As the Vietnam War caromed to an end, Sister Marie Therese LeBlanc, a middle-aged American nun serving at Friends of the Children of Vietnam orphanage in Saigon, signed one affidavit after another attesting to sons and daughters she never had. It was April 23, 1975, one week before the city fell to the communists.

The 36 people LeBlanc claimed as her children were the adult employees of her orphanage and their families. Nevertheless, State Department officials at the evacuation processing center at Tan Son Nhut air base affixed their consular seals to her affidavits, and American airmen added the names she provided to the flight manifests of the Air Force transports flying out of Saigon. They collaborated with her because they knew, as she did, that the North Vietnamese had threatened retribution against anyone with ties to the losing side in the war.

A nun, U.S. diplomats, military officers and dozens of others followed the dictates of conscience, not the law, in April 1975. They lied and broke explicit rules to save Vietnamese lives. None were prosecuted. If their counterparts at our southern border repeated such acts today, they could easily face imprisonment.

LeBlanc exploited a loophole created by U.S. Defense Attache Maj. Gen. Homer Smith. Ambassador Graham Martin was under pressure from Washington to evacuate Americans from South Vietnam before the bloodbath began. Many of those whom officials wanted out were civilian contractors who had Vietnamese wives and children and refused to leave without their wives’ extended families. On April 19, the Immigration and Naturalization Service had sent Martin a cable: To expedite the evacuation of U.S. citizens, any American could sponsor visas for their Vietnamese in-laws if they agreed to be responsible for the cost of their transportation, care and resettlement.

Smith seized on the option. He composed an “affidavit of support” that would permit Americans to sponsor anyone they claimed as a family member. Martin, who wanted Washington off his back, reluctantly agreed to the affidavit, and his secretary mimeographed copies that quickly circulated through the contractor community and beyond.

Smith knew the affidavits would proliferate. He told his staff members they could list anyone they wanted to evacuate as dependents, provided that none were in the South Vietnamese military. Teenager Linh Duy Vo later credited Smith for his escape to the United States, writing in a tribute after Smith’s death in 2011, “You had saved thousands of lives, a repeat of Schindler’s list. I was among them.” Others made a similar comparison. Jackie Bong, who got out of the country with the assistance of an American posing as her husband, later wrote that her escape was like “Jews being helped to flee Europe during World War II.”

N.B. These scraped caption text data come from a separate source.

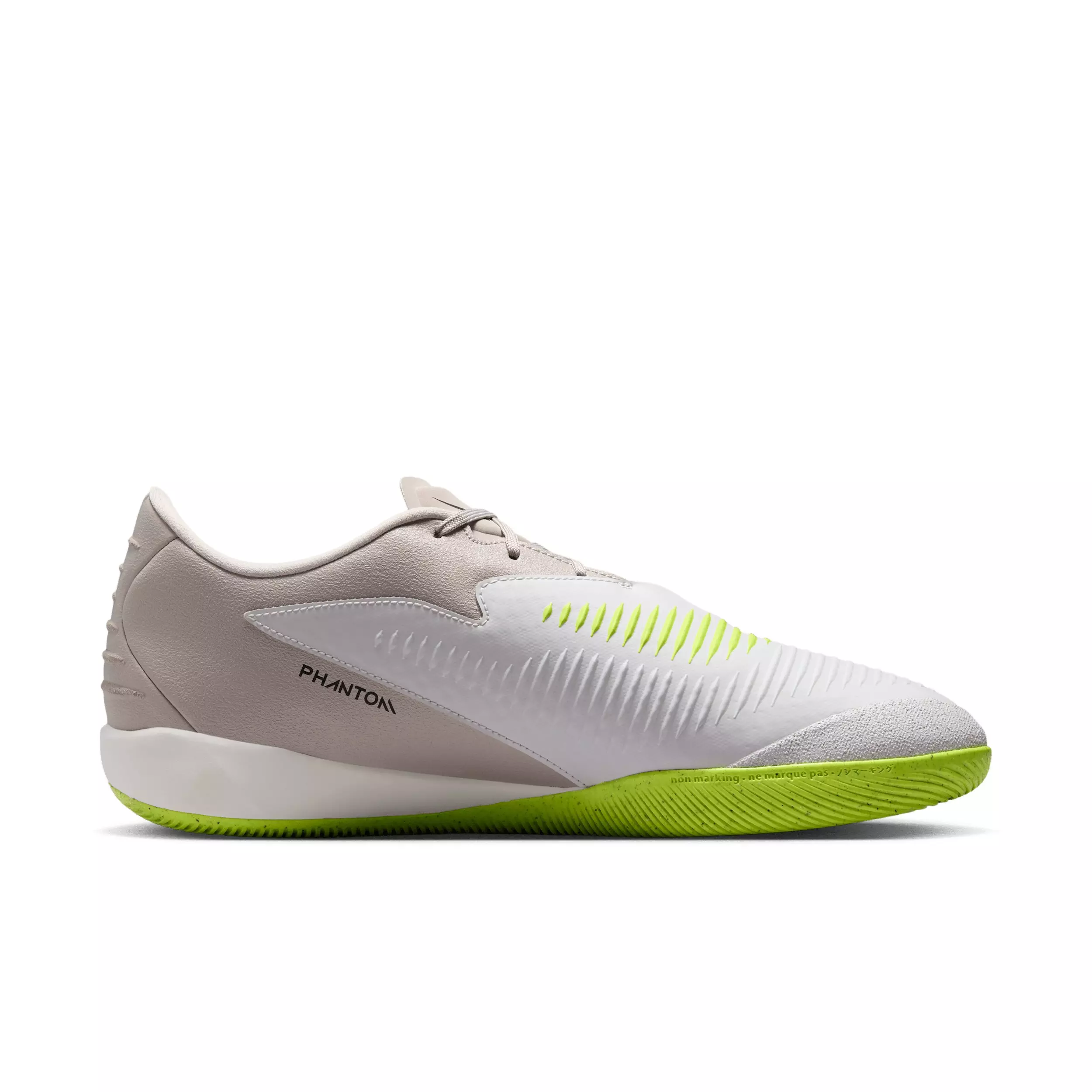 Nike Phantom 6 Low Academy IC "Moon Particle/Lemon Venom/Black" Men's Soccer Shoe - MOON/LEMON/BLACK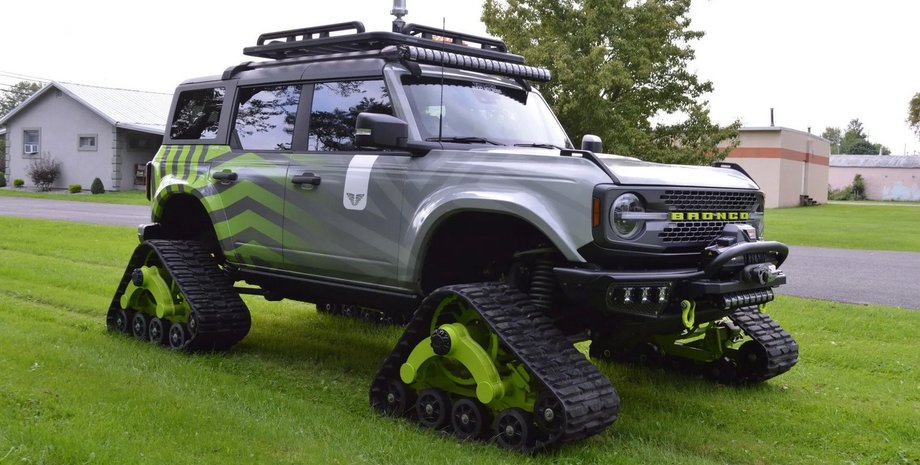 Ford, Ford Bronco, Ford Bronco Badlands, Авто, Автомобілі, Позашляховик, Тюнінг, Фото, Гусениці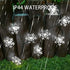 Dazzle Bright 100 LED Solar Christmas Snowflake Lights Outdoor, 39 FT Solar Powered Snowflake String Lights Waterproof for Xmas Tree, Holiday, Wed...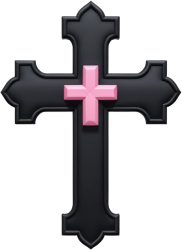 Blackpinkcross emote for Discord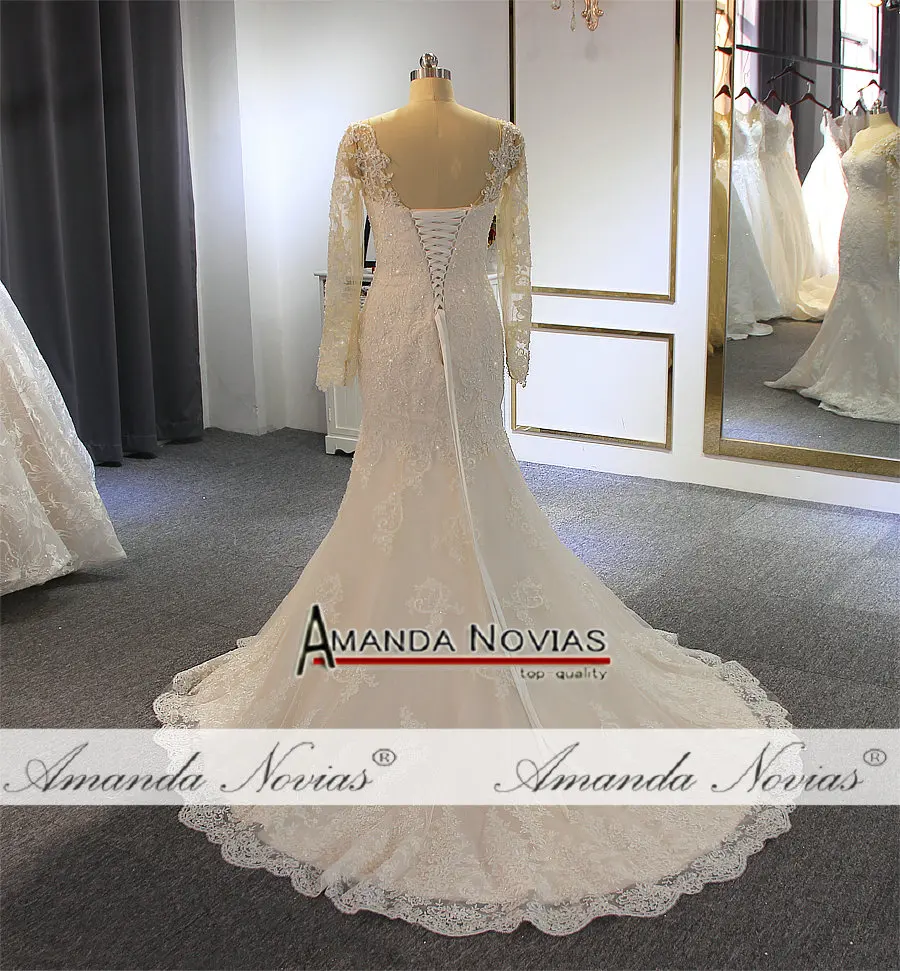 Robe De Soiree простое свадебное платье русалки с длинными рукавами 2022|Свадебные
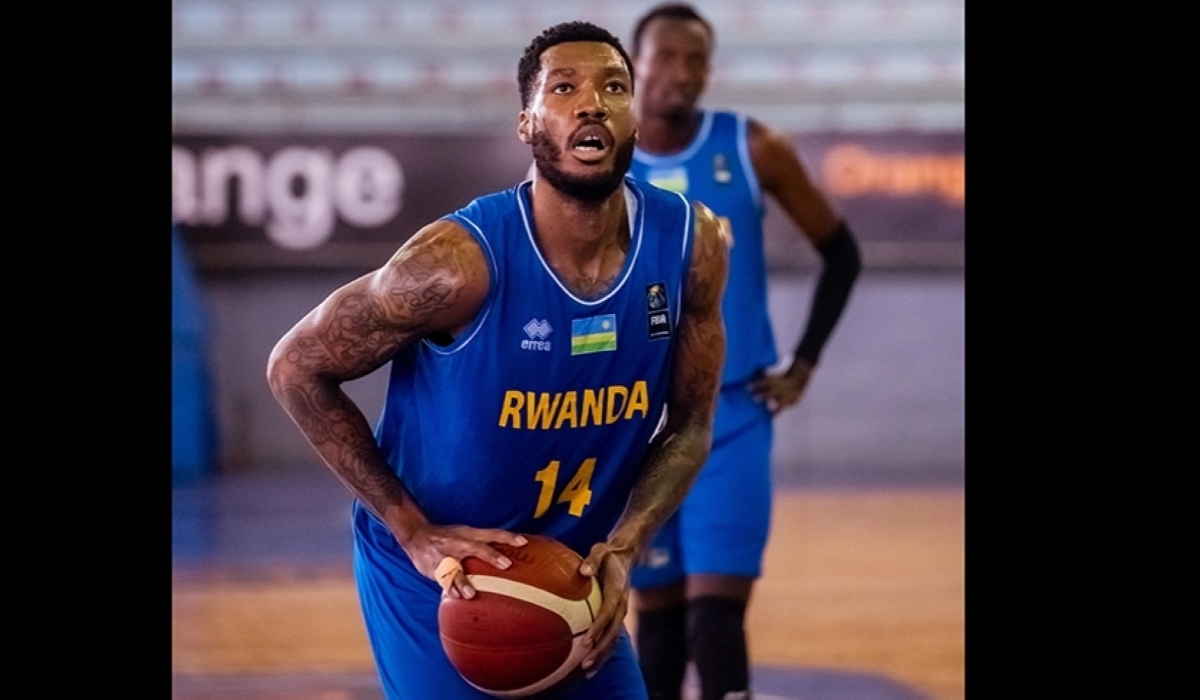 Kendall Gray, an American-born centre who played for Rwanda’s national basketball team since 2022, has called time on his career, aged 33. File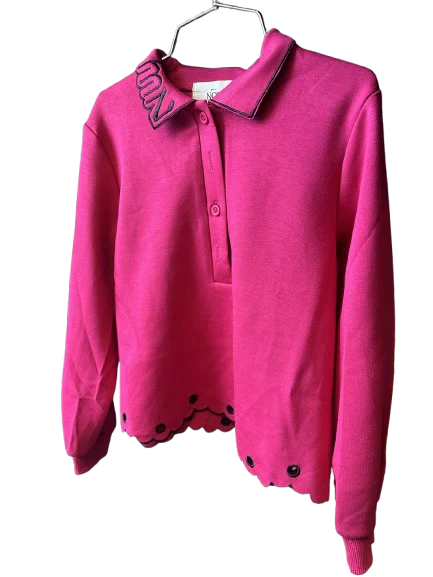Mini Nod Scuba Cropped Girls Top - Fuschia - Image 2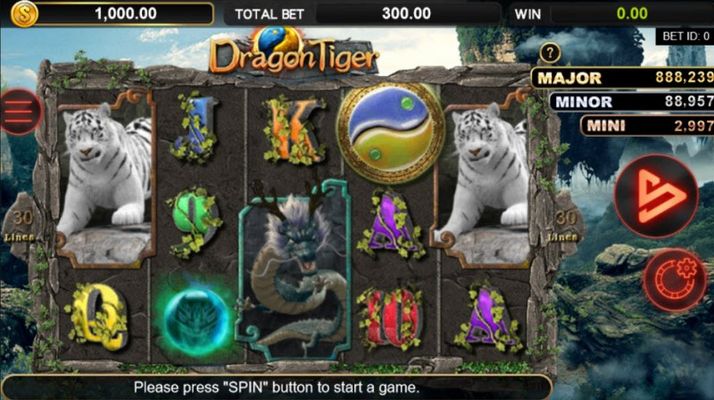 Dragon Tiger :: Main Game Board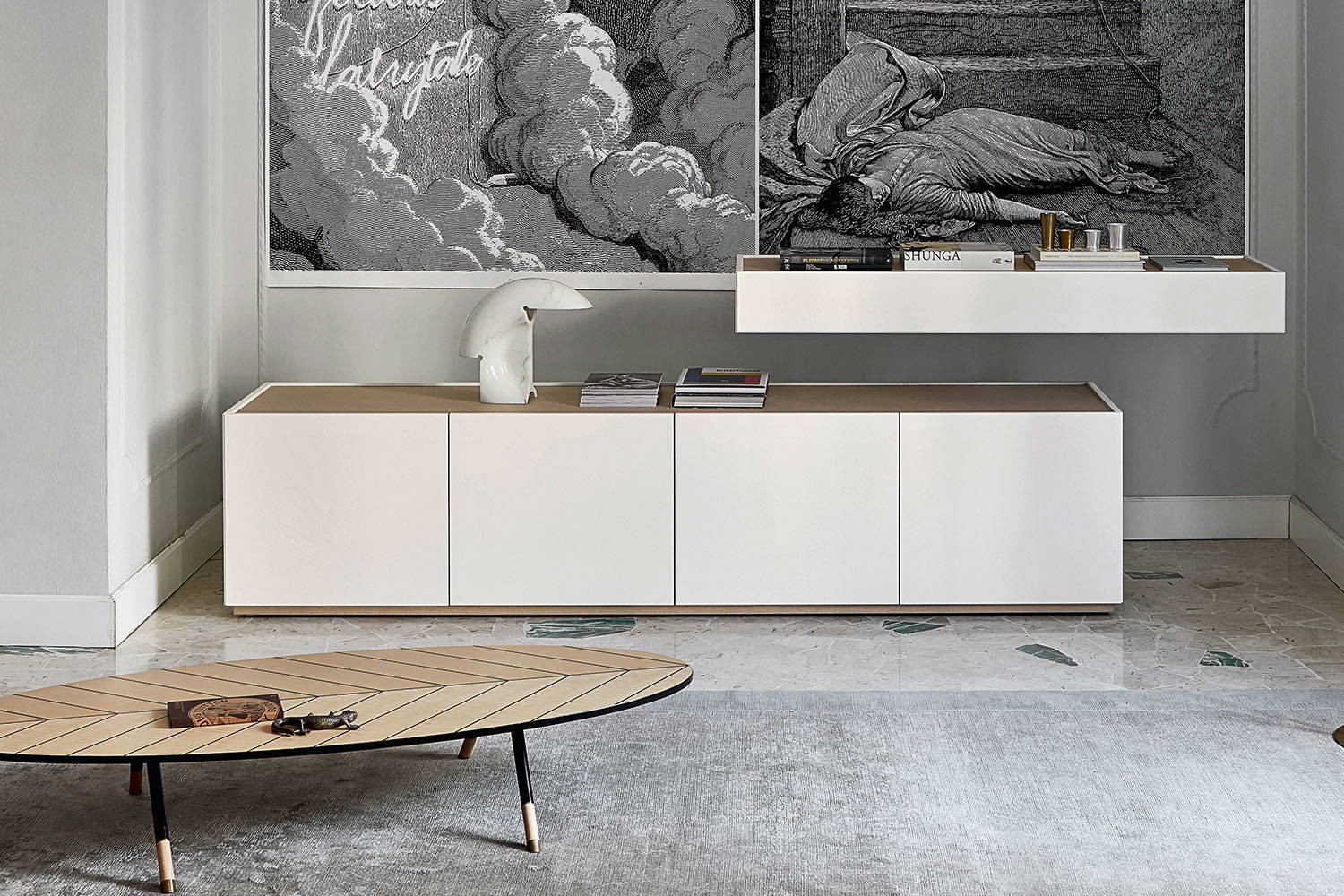 Cidori low sideboard by San Giacomo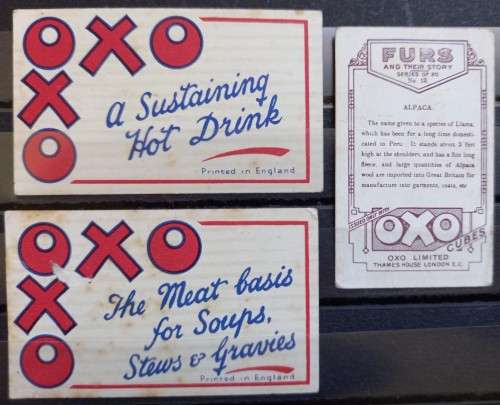 1927 & 1932 Oxo trade cards (x3)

Smith’s mimeographed form contributed to the largest humanitarian operation in U.S. history. On April 21, the U.S. Air Force evacuated 249 Americans and 334 “others,” mostly Vietnamese, from Saigon. The next day it flew out 550 Americans and 2,801 others, and on April 23, LeBlanc’s “children” were among the 5,574 others. By the end of April, the Air Force had evacuated 45,000 South Vietnamese and third-country nationals. Add those to the evacuees rescued by the U.S. Navy at sea, and in the last weeks of the war, 130,810 refugees got out of Indochina with U.S. aid.

There were many American Schindlers. Bill Ryder, an official with the U.S. Military Sealift Command, encouraged the captain of an American freighter to defy orders to leave Saigon with an empty vessel. Under cover of darkness, evacuees boarded the ship, and after reaching international waters the captain announced that he was carrying 700 stowaways. Ryder understood that he was breaking American, Philippine and South Vietnamese visa and passport laws, using a ship chartered by the U.S. Navy at a cost of $12,000 a day, and sticking American taxpayers with the bill.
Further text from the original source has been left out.